- **Task**: Your task is to copy the data exactly while leaving out every picture.

- **Supplied data**:
>>>

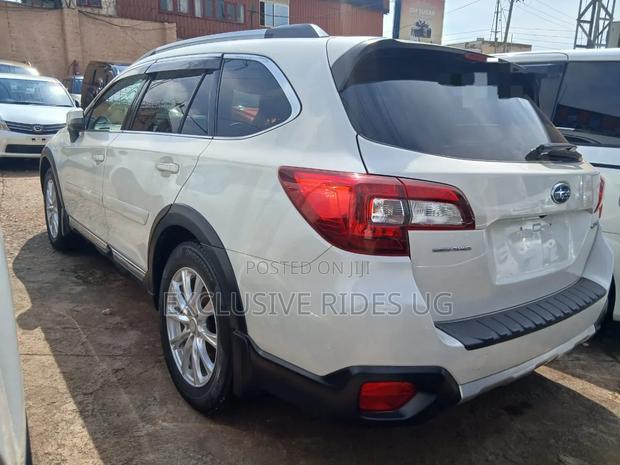 Subaru Outback 2.5i AWD 2017 White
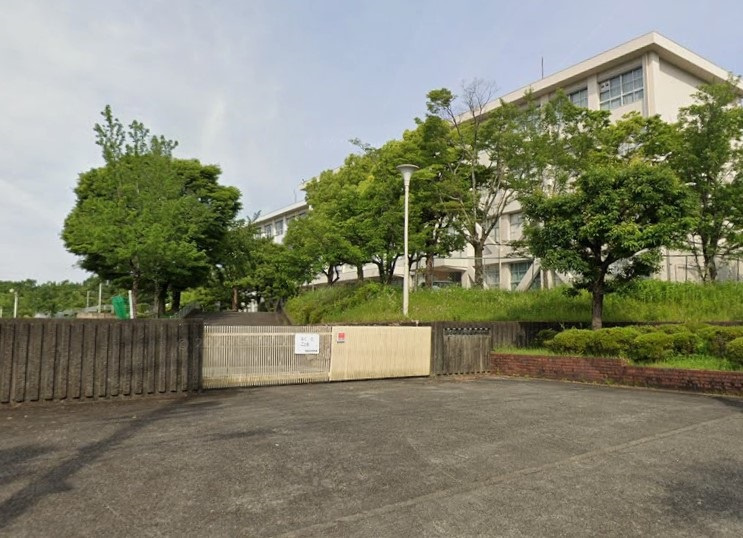 春日井市立高森台中学校
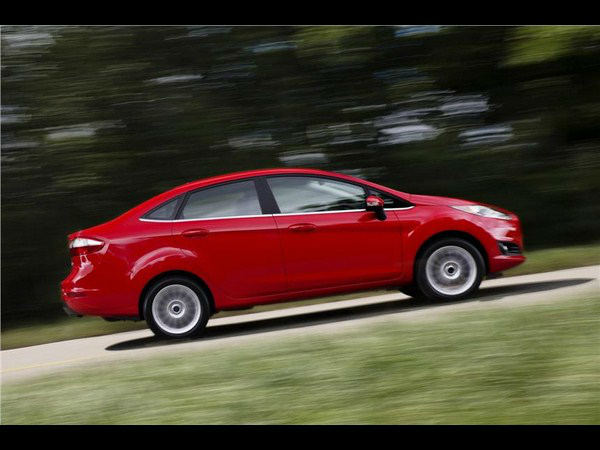 2013 ఫోర్డ్ ఫియస్టా సెడాన్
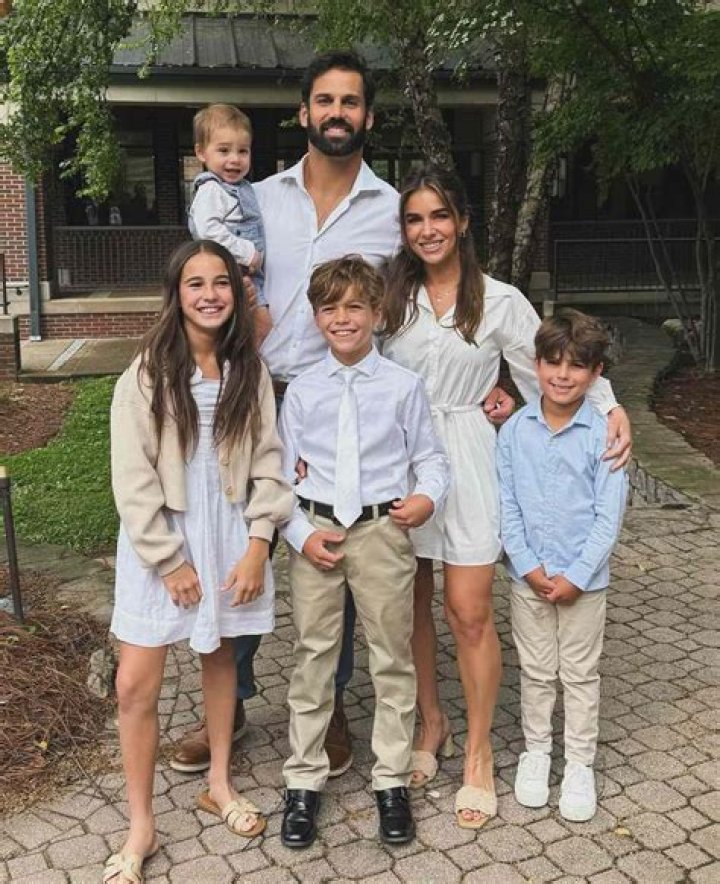 Has Jessie James Decker Had A Nose Job? Justinboey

<<<

- **The answer**:
 Subaru Outback 2.5i AWD 2017 White
 春日井市立高森台中学校
 2013 ఫోర్డ్ ఫియస్టా సెడాన్
 Has Jessie James Decker Had A Nose Job? Justinboey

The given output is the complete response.